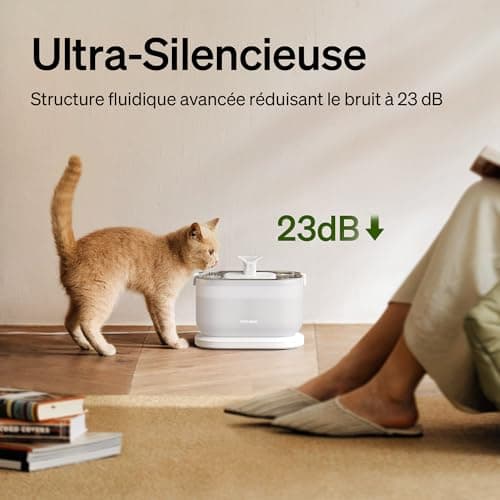 PETLIBRO Fontaine à Eau pour Chat en Acier Inoxydable avec Pompe sans Fil - Ultra Silencieuse 23 dB - Nettoyage Facile -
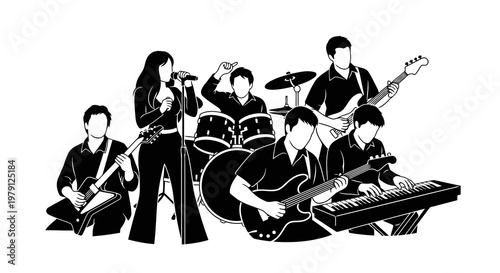 A black and white illustration of a six-member band performing together on stage.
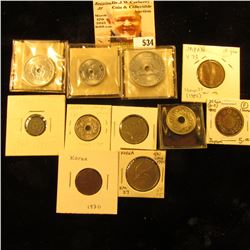 1923 Japan sen Y42 VF;1945 Japan sen Y62 F-VF; 1871 Japan 20 sen Y3 F year 4 cleaned;1952 Japan 10 y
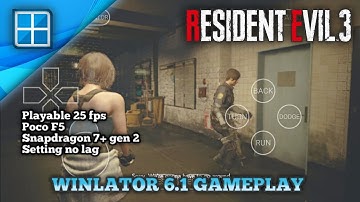 Resident Evil 3 remake winlator 6.1 gameplay | Poco F5 + setting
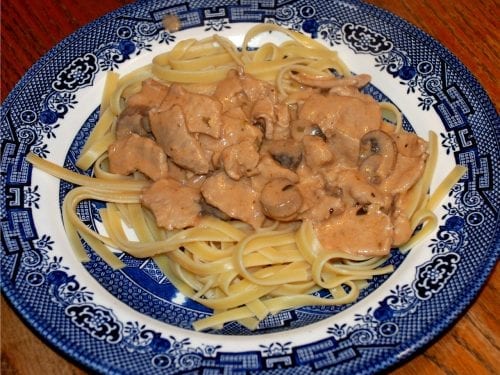 delicious beef and mushroom stroganoff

§

_WHAT TO DO_
Could you output every entry exactly as written, skipping the pictures?

_EXERCISE RESPONSE_
 PETLIBRO Fontaine à Eau pour Chat en Acier Inoxydable avec Pompe sans Fil - Ultra Silencieuse 23 dB - Nettoyage Facile -
 A black and white illustration of a six-member band performing together on stage.
 1923 Japan sen Y42 VF;1945 Japan sen Y62 F-VF; 1871 Japan 20 sen Y3 F year 4 cleaned;1952 Japan 10 y
 Resident Evil 3 remake winlator 6.1 gameplay | Poco F5 + setting
 delicious beef and mushroom stroganoff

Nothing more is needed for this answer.